▶ [Data below]:
###

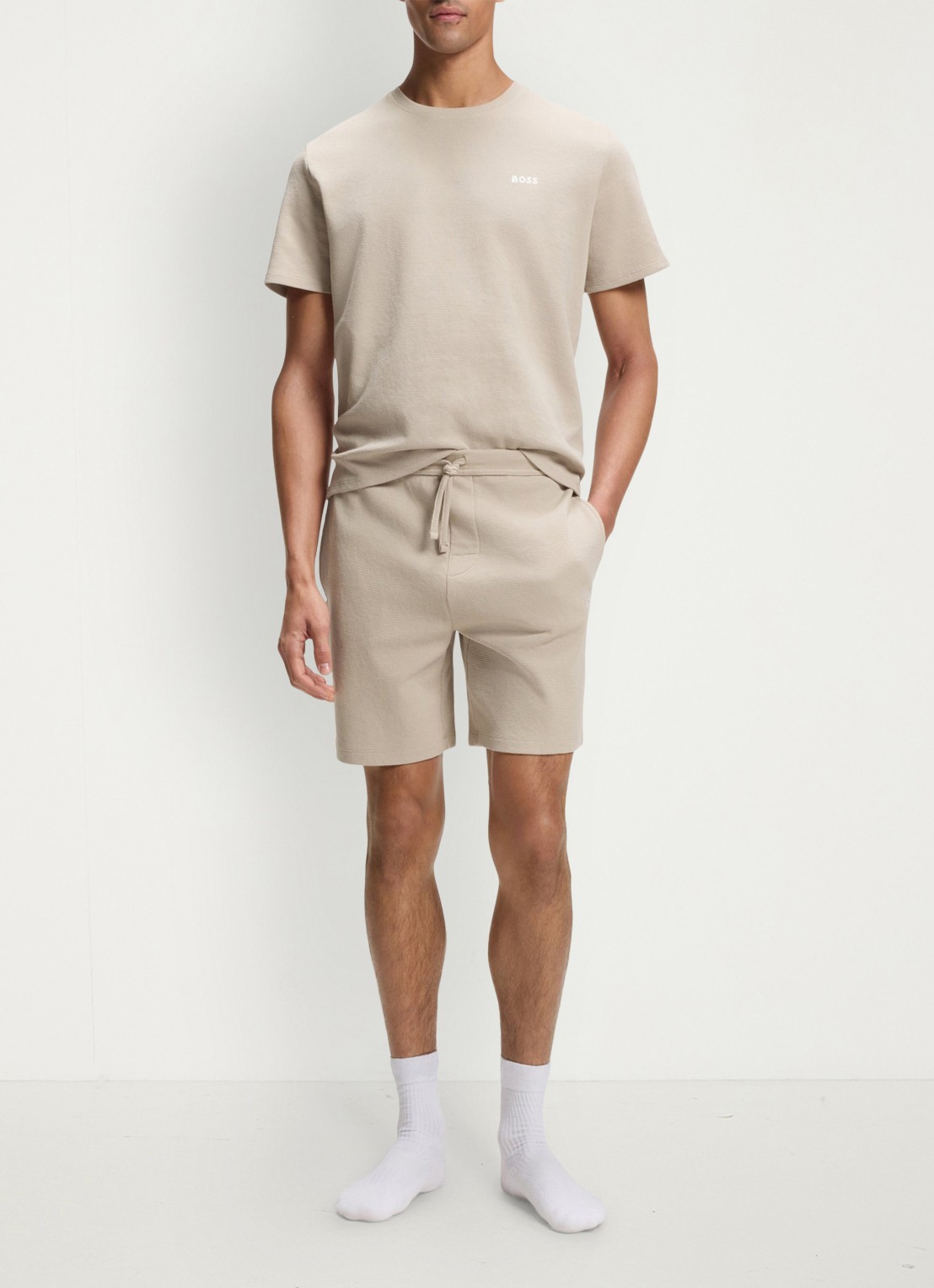 BOSS Pyjamashort van een katoenmix met logostiksel - voorkant 3 light beige-275 / beige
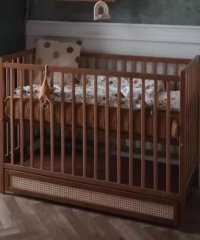Solid Wood Baby Crib With Rattan Storage Drawer Convertible Wooden Infant Bed For Nursery Wholesale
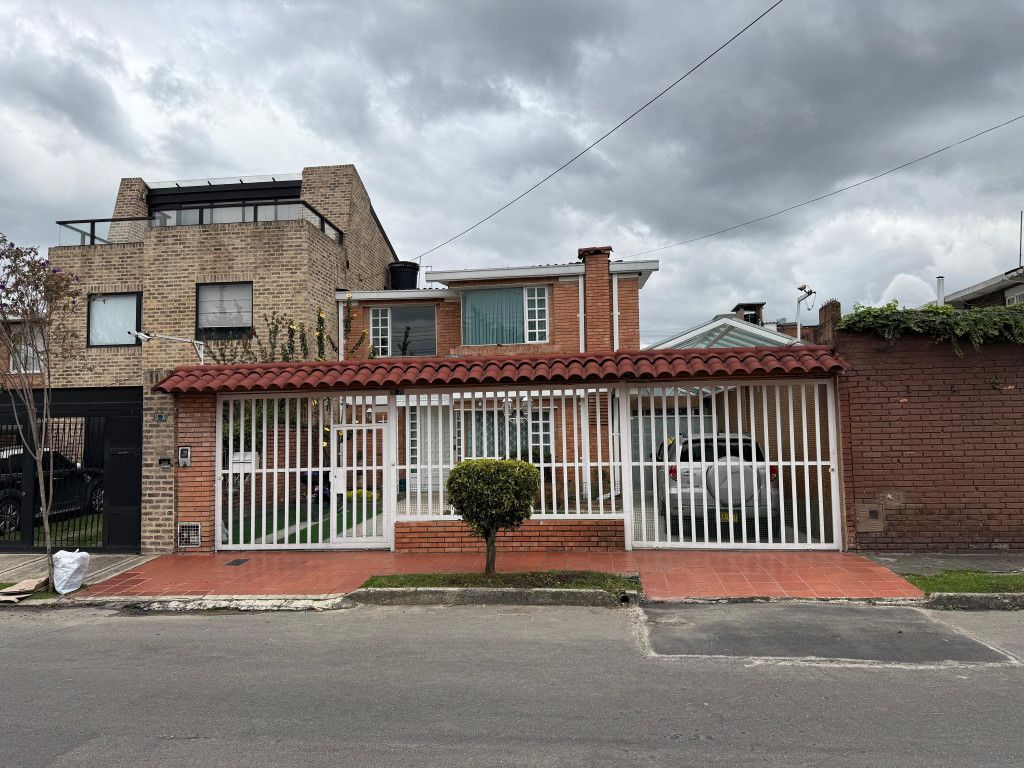 Casa en venta Cundinamarca Bogotá La Esmeralda 200 m2 Habitaciones 4 Baños 5 Garajes 2 Precio $1501000000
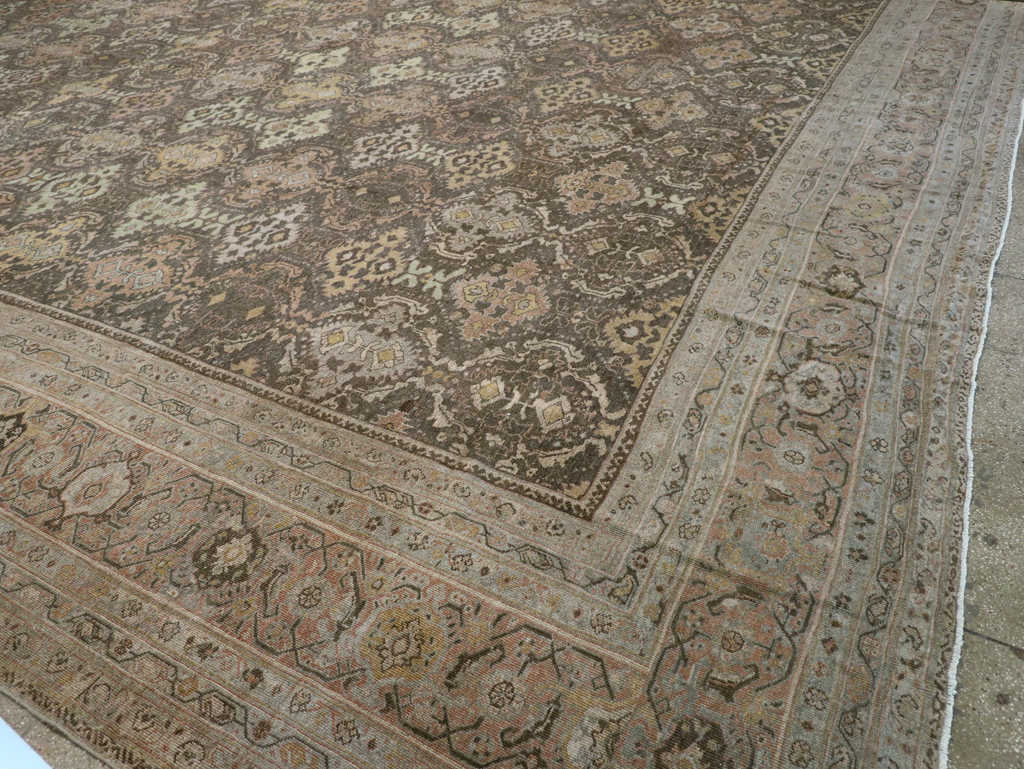 Antique Persian Mahal Oversize Carpet, No.23845 - Galerie Shabab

###

▶ [Problem details]: Reproduce exactly the lines above from the one with "Solid Wood Baby" through the last line of the data, keeping both ends and dropping the pictures.

▶ [Problem solution]:
Solid Wood Baby Crib With Rattan Storage Drawer Convertible Wooden Infant Bed For Nursery Wholesale
 Casa en venta Cundinamarca Bogotá La Esmeralda 200 m2 Habitaciones 4 Baños 5 Garajes 2 Precio $1501000000
 Antique Persian Mahal Oversize Carpet, No.23845 - Galerie Shabab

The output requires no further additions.